Methods and Materials: We conducted a retrospective analysis of 46 low-risk HN MCC cases treated between 2006 and 2015. Inclusion criteria were defined as a primary tumor size of 2 cm, negative pathological margins, negative sentinel lymph node biopsy, and no immunosuppression. Local recurrence (LR) was defined as tumor recurrence within 2 cm of the primary surgical bed and estimated with the Kaplan-Meier method.

Results: Omission of PORT was offered to all 46 patients, of which 23 patients received PORT and 23 did not. No patient received adjuvant chemotherapy. There were no significant differences in surgical margins, tumor size, depth, lympho-vascular invasion status, or demographics between the two patient groups. Median follow-up for all patients was 3.7 years. Six of the 23 patients who did not receive PORT developed an LR. Compared to the group that received PORT, there was a significantly higher risk of LR in the group treated without PORT (26% vs. 0%, P Z .02). Median time to LR was 11 months.
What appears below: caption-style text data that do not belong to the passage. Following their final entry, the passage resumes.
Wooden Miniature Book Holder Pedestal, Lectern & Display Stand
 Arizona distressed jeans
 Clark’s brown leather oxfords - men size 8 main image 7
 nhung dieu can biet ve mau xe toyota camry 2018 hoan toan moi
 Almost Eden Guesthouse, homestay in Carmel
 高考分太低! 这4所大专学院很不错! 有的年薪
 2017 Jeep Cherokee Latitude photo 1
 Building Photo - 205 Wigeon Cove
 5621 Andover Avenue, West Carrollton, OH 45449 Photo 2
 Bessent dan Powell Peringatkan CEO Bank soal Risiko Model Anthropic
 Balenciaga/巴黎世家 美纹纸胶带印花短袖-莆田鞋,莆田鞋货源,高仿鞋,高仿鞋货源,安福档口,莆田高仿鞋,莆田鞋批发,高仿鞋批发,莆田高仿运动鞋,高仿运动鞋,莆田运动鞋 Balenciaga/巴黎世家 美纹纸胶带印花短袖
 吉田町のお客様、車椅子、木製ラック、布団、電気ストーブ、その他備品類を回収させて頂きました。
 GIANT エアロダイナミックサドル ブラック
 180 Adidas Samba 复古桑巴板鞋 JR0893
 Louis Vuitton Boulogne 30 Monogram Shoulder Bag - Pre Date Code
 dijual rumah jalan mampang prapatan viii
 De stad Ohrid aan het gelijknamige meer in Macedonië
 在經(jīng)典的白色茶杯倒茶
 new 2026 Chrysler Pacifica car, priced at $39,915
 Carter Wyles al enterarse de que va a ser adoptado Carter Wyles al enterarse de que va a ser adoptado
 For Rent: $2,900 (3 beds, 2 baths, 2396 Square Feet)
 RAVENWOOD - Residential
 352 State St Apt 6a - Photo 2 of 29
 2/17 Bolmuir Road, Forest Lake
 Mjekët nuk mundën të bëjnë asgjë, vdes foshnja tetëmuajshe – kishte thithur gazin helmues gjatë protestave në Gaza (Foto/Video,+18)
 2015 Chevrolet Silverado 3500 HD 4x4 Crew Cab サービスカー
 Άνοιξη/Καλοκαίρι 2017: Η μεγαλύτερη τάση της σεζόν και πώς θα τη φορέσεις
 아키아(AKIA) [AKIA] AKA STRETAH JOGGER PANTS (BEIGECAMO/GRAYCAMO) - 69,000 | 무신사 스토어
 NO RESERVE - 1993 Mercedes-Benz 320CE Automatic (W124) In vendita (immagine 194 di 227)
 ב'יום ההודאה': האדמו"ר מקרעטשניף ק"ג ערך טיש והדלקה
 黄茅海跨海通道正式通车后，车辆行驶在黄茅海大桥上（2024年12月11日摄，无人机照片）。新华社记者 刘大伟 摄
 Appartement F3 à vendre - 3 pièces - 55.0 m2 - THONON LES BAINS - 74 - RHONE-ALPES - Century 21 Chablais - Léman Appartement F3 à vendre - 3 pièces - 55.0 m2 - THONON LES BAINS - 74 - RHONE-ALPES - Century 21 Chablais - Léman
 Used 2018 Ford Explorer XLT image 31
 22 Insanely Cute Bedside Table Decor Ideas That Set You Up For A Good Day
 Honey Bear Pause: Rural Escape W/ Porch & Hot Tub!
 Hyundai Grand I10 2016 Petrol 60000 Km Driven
All local failures were effectively salvaged. There was no difference in MCC-specific and overall survival between the 2 groups.

Conclusions: For patients with HN MCC, omission of PORT was associated with a significantly higher risk of local recurrence even among those patients with the lowest-risk tumors (i.e., Stage IA without immune suppression). Thus, it is important to weigh the benefits of PORT against the side effect profile on a case-specific basis for each patient.